The Chiefs also understand it involves risk. But with few options and climate change making life up north more difficult and expensive, it’s a gamble they’re willing to make.

Environment Minister Stephen Guilbeault has never been to Ontario’s far north to see the peatlands firsthand, but as a self-confessed former environmental activist — he calls them “critically important.”

He knows about their carbon sequestering power and importance to Indigenous people. He also knows about the critical minerals that are buried underground and what could happen if the peatlands are disturbed.

“Would we allow for mining in very ecologically sensitive areas where hundreds of millions, eventually billions, of tonnes of carbon would be released? That wouldn’t make sense from an environmental perspective,” Guilbeault says in an interview with Global News.

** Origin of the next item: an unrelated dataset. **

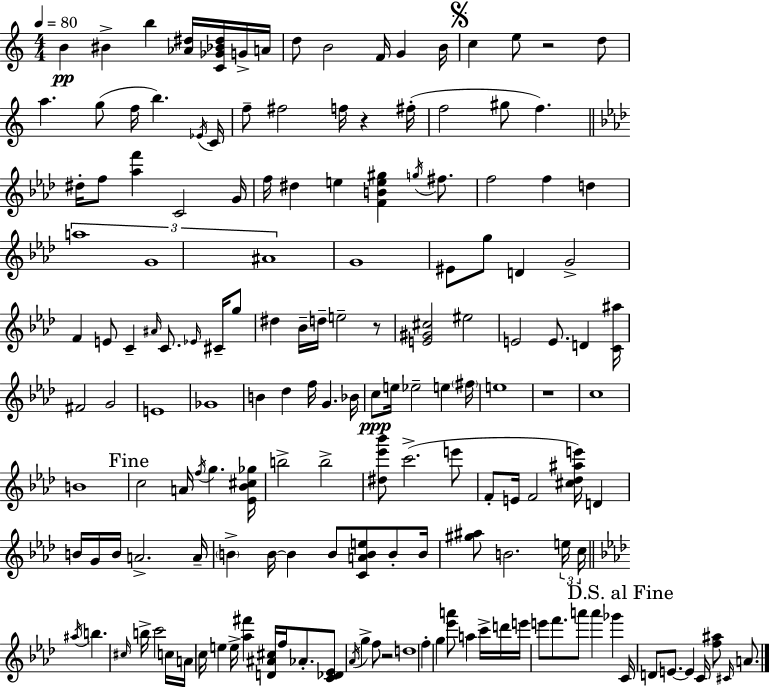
B4/q BIS4/q B5/q [Ab4,D#5]/s [C4,Gb4,Bb4,D#5]/s G4/s A4/s D5/e B4/h F4/s G4/q B4/s C5/q E5/e R/h D5/e A5/q. G5/e F5/s B5/q. Eb4/s C4/s F5/e F#5/h F5/s R/q F#5/s F5/h G#5/e F5/q. D#5/s F5/e [Ab5,F6]/q C4/h G4/s F5/s D#5/q E5/q [F4,B4,E5,G#5]/q G5/s F#5/e. F5/h F5/q D5/q A5/w G4/w A#4/w G4/w EIS4/e G5/e D4/q G4/h F4/q E4/e C4/q A#4/s C4/e. Eb4/s C#4/s G5/e D#5/q Bb4/s D5/s E5/h R/e [E4,G#4,C#5]/h EIS5/h E4/h E4/e. D4/q [C4,A#5]/s F#4/h G4/h E4/w Gb4/w B4/q Db5/q F5/s G4/q. Bb4/s C5/e E5/s Eb5/h E5/q F#5/s E5/w R/w C5/w B4/w C5/h A4/s F5/s G5/q. [Eb4,Bb4,C#5,Gb5]/s B5/h B5/h [D#5,Eb6,Bb6]/e C6/h. E6/e F4/e E4/s F4/h [C#5,Db5,A#5,E6]/s D4/q B4/s G4/s B4/s A4/h. A4/s B4/q B4/s B4/q B4/e [C4,A4,B4,E5]/e B4/e B4/s [G#5,A#5]/e B4/h. E5/s C5/s A#5/s B5/q. C#5/s B5/s C6/h C5/s A4/s C5/s E5/q E5/s [Ab5,F#6]/q [D4,A#4,C#5]/s F5/s Ab4/e. [C4,Db4,Eb4]/e Ab4/s G5/q F5/e R/h D5/w F5/q G5/q [Eb6,A6]/e A5/q C6/s D6/s E6/s E6/e F6/e. A6/e A6/q Gb6/q C4/s D4/e E4/e. E4/q C4/s [F5,A#5]/e C#4/s A4/e.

But he wants critical minerals too. Therein lies the federal government’s Ring of Fire-sized conundrum.

Guilbeault is placing his faith in his government’s regional assessment, which is designed to anticipate the cumulative impacts of any future development in the region. When it was announced in 2020, there were high hopes that it would address the concerns people have about the potential contamination of watersheds, the release of carbon emissions, and impacts on seasonal harvesting.


Minister Guilbeault says his government could halt the Ring of Fire development. “If we came to the conclusion that all projects would have too much impact, I guess we could theoretically.“.


David de la Harpe / Global News

But when the draft terms of reference for the assessment were made public at the end of 2021, it was met with disappointment and anger. First Nations were sidelined. It didn’t mention carbon. And it was hardly regional in scope.

“They drew a box around the Ring of Fire and said, ‘This is going to be our focus,’” says Baggio of Wildlands League. “It was kind of like the worst-case scenario.”

A coalition of First Nations wrote a scathing letter to Guilbeault demanding the terms be thrown out and reworked to include them as equal partners. He listened and has agreed to most of the key requirements put forward by Chiefs in recent meetings, says Kate Klempton, a lawyer who represents several First Nations in the region.

The first demand: that the assessment cover the entire Hudson Bay Lowland peatlands.

“It is critically important that we get it right, because the consequences of getting it wrong are likely to be catastrophic,” Klempton says.

Guilbeault touts this as “a new way of doing things.”

“Indigenous peoples and nations want to make sure that they are part of this as real partners.”

The new terms of reference haven’t been announced yet, so it is an open question if the process will be co-led, and if the peatlands, and the carbon they store, will be given any special consideration.

After being overlooked for years, the Hudson Bay Lowlands are poised to become the most hotly contested region of Canada. Now, everyone sees value in them. But what that value is — carbon or minerals — depends on where you sit.


Clendon Patrick is a resident of Peawanuck. On his last hunt, he harvested a caribou and moose. He says that will feed him and his extended family for about a month.


Marc Doucette / Global News

Back in Peawanuck, it’s still -20 C but starting to warm up. Clendon Patrick is looking forward to taking his 13-year-old daughter out for the spring hunt.

“Being out on the land, you rejuvenate yourself, recharge yourself,” he says.

Out on the rivers, he’s no longer thinking of hardships or what’s to come in the future.

“You stop and say a little prayer. Thank you for bringing me on this land. I’m here now.”